The difference a day can make

What a difference between a year ago today and a year ago tomorrow. 

One year ago today was the last day before I knew I was pregnant. I can still remember it like it was yesterday. I had been falling back into the old standard of being depressed about infertility. It had been a rough week. I wasn't feeling well all day, so I decided to treat myself with a haircut and highlight. I was tired and had an interview the next morning so I went to bed early. I remember thinking vaguely how weird it was that I still felt hungover but hadn't drank in three or four days.

One year ago tomorrow, I woke up still feeling a little nauseous. I was a little nervous for my interview - I really wanted the job. I don't know what made me grab that pregnancy test, leftover from the IUI the previous month that didn't work. I didn't even mention to Champ that I was going to pee on a stick. Exactly no part of me believed it would be positive. 

But then it was. That vertical line showed up not two seconds after I started to pee. My whole body was shaking then. My eyes teared up, mind racing to the past several weeks - a chart that didn't make sense, a cycle without ovulating (wrong!), an IUI the previous month... I had no idea how it was possible, but there it was, an unmistakeable pink line where no pink line had been before. The pee was still drying when I ran in to show Champ. I threw on the lights and jumped on the bed, hysterical by that point. He told me later he thought we had an intruder or something and he was about to grab the bat from the closet. Ha! 

Champ didn't believe it, especially since it came out of nowhere. He was convinced the test was faulty. So of course, he ran out to the drugstore to pick up one of those fancy schmancy digital ones. I worked on a brief "WHAT?!?" blogpost and drank about a gallon of water. 

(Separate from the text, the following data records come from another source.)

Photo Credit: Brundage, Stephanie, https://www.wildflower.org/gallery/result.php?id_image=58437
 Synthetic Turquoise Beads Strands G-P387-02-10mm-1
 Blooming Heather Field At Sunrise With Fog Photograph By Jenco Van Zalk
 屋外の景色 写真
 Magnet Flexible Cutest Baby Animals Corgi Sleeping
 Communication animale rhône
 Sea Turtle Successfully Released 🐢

For that test we had to wait the proverbial two minutes, but there it was. Pregnant. I called my RE to schedule a blood draw for later that day, and then it was off to a job interview (talk about being a nervous, jittery mess! I still can't believe I got offered that job!). And in the span of 24 hours, my entire life changed course. 

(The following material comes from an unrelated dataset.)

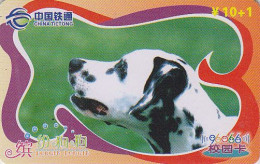 Télécarte Chine - ANIMAL - Chien DALMATIEN  - DALMATIAN Dog China Phonecard - Hund Telefonkarte - 503 - Chine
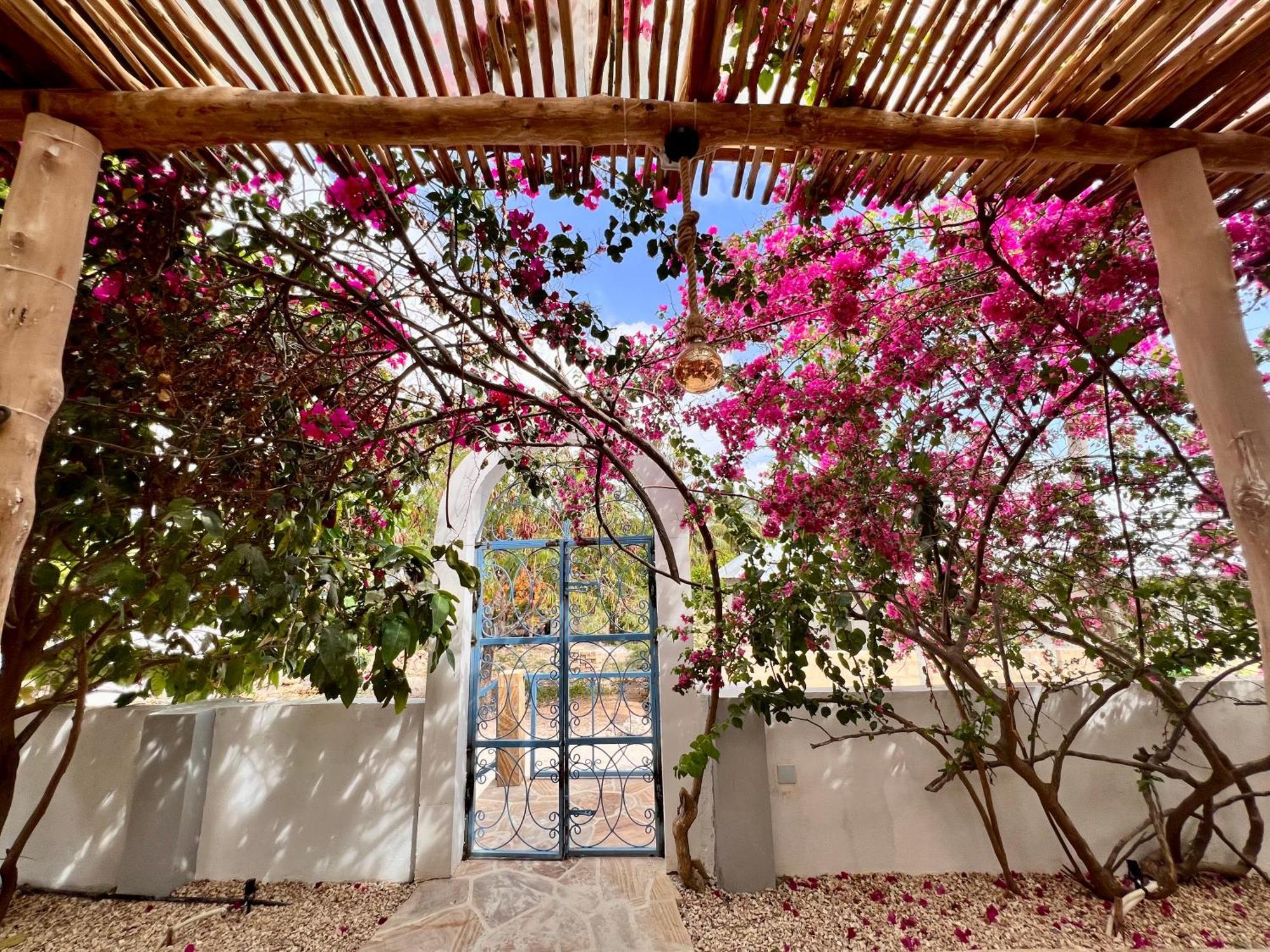 Bed and Breakfast Barabara House Jambiani  Exterior foto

And now! I am thankful every day. I feel lucky every day.  I swore I wouldn't take it for granted and I really haven't. Even when she is being a fuss bucket. 

You obviously need a picture. This one is from the day of her baptism (post THREE gown changes and finally in some comfy clothes!). 

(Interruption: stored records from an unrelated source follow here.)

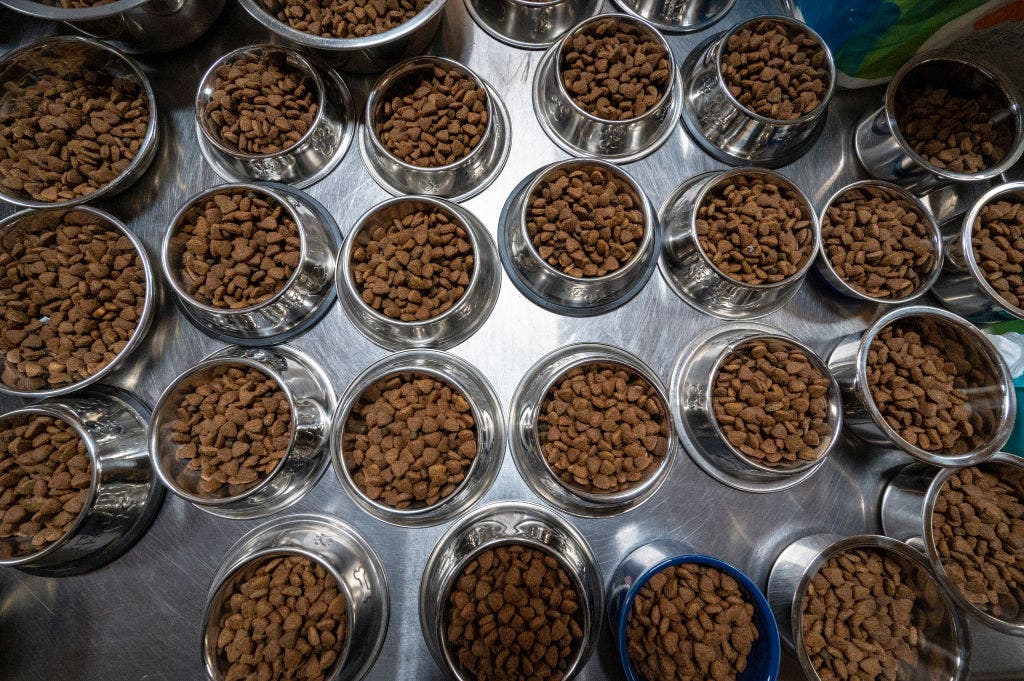 Oakland County Animal Shelter warns of scammer tricking people into donating money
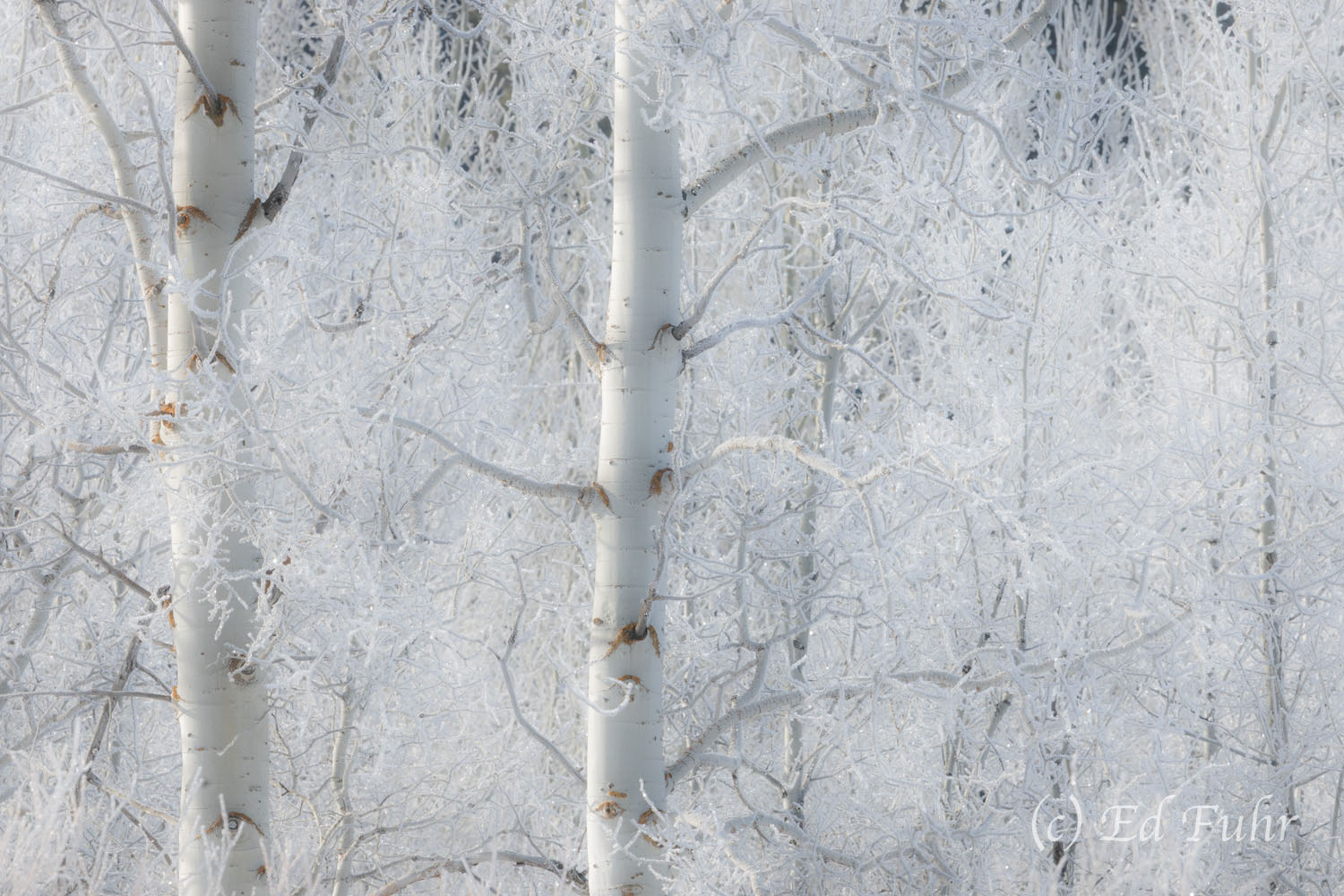 White White aspen trunks and heavy hoarfrost.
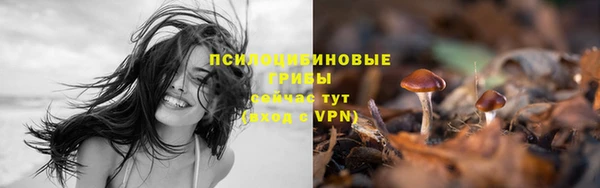хмурый Нефтекумск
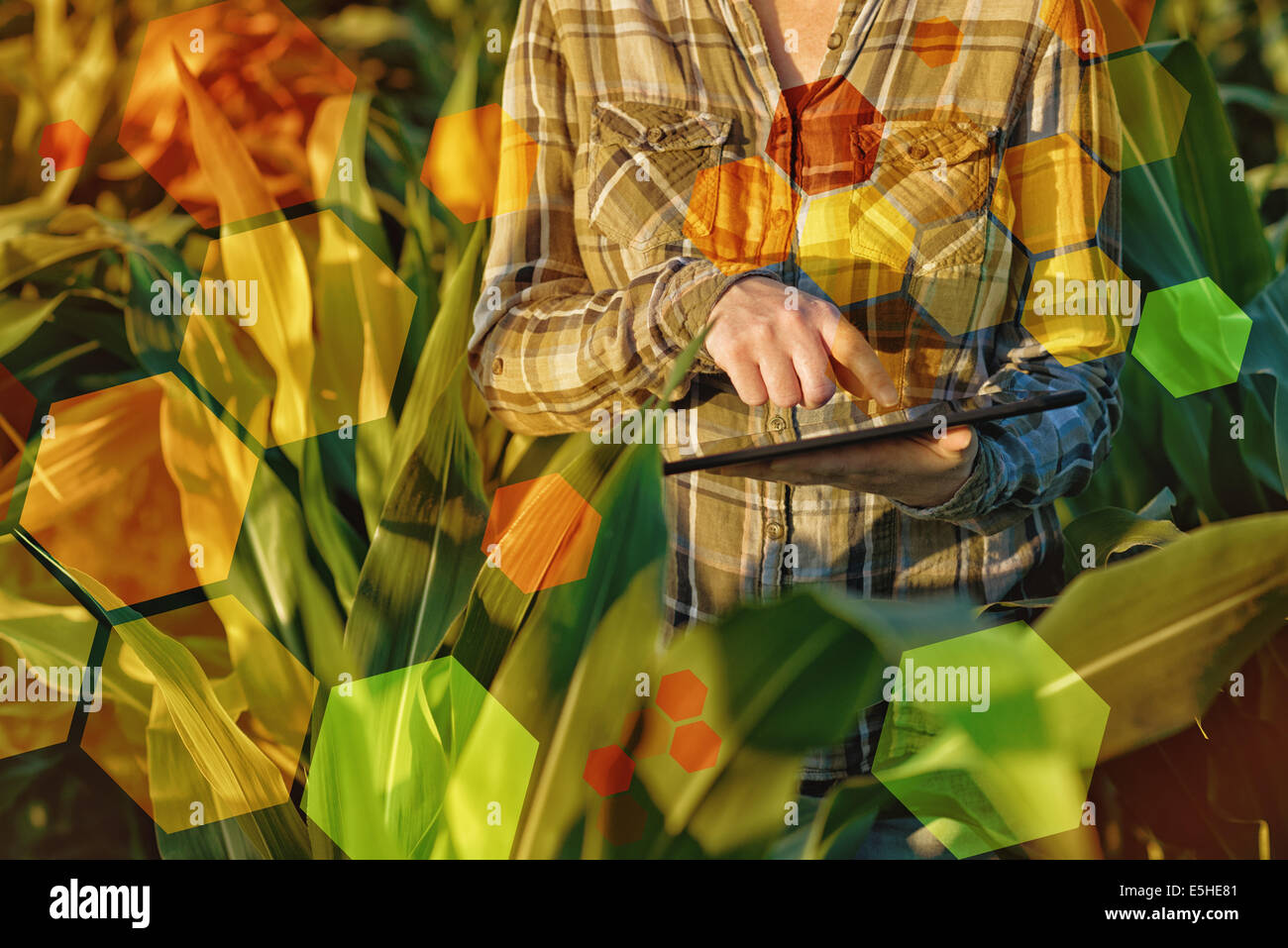 La science des OGM en champ de maïs. femme agronome using tablet computer et software pour le génie génétique dans l'agriculture. Banque D'Images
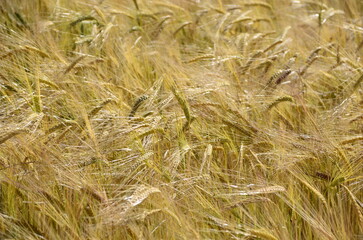 Large fields of golden wheat moved by the wind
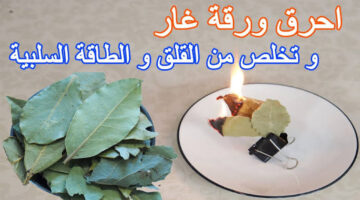 images 2024 09 13T154314.409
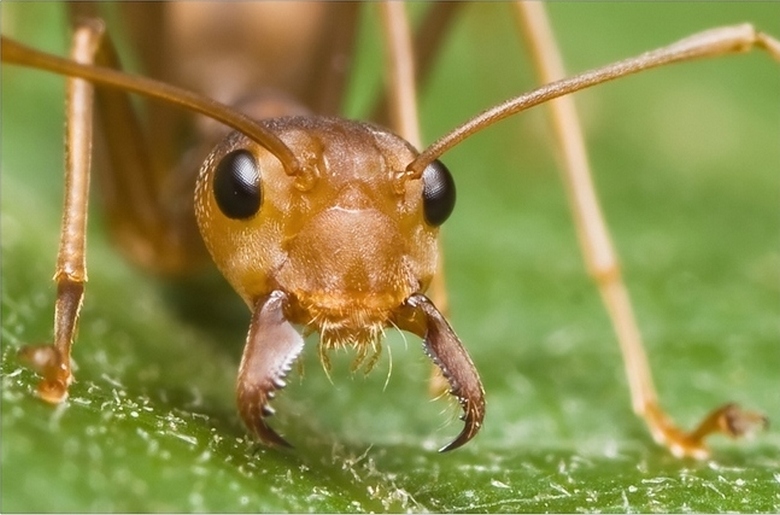 Des fourmis qui torturent leurs proies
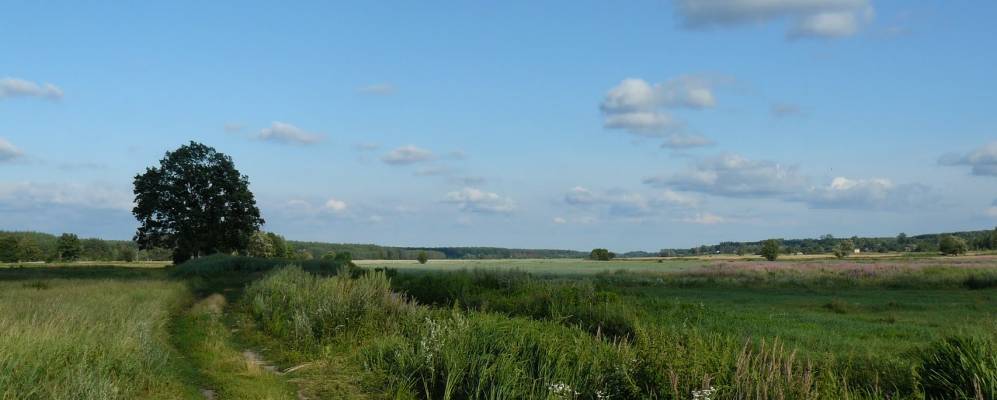 
            Фотография Жеревполья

  1. Yay! What a happy, celebratory, joyous post. So happy you got your little munchkin to enjoy : )

  2. Your story is still one of my favourites. :)

    And I love that face she's making! Priceless.

  3. It's so hard to look back and remember the pain from before. But I believe it makes our joy that much stronger! So happy for you... and what a precious little angel she is!

  4. such a a great story! I loved reading this!

  5. Can I just say I love this? I just randomly came across your blog & have a similar story, almost 100% identical. Long story short, diagnosed two days before my 28th birthday. FSH 27 AMH 0.1 Tried acupuncture (loved it and did it religiously), diet (meh!), DHEA (25 mg three times a day), failed IUI in April, got pregnant naturally in May, measured 6 days ahead from the get go. Beautiful daughter born in January 2011. Congratulations on your miracle! I'm praying I can conceive one more miracle, but we'll see.

    1. I love hearing your story!!! The more I think about it, the more I think the failed IUI had something to do with getting pregnant the next month (my guess is cycle day 9). Maybe it has something to do with the heavy doses of progesterone following the IUI? Someone needs to do research on how progesterone affects getting pregnant in women with POF! I seriously think that's what did it!

  6. I'm not sure, but I'm wondering if the failed IUI jump started my body? Like, "Oh so THIS is what I'm supposed to do!" I can't say in my case it was progesterone as I wasn't on any, only estrogen. It is wild though, and I pray advances are made in years to come.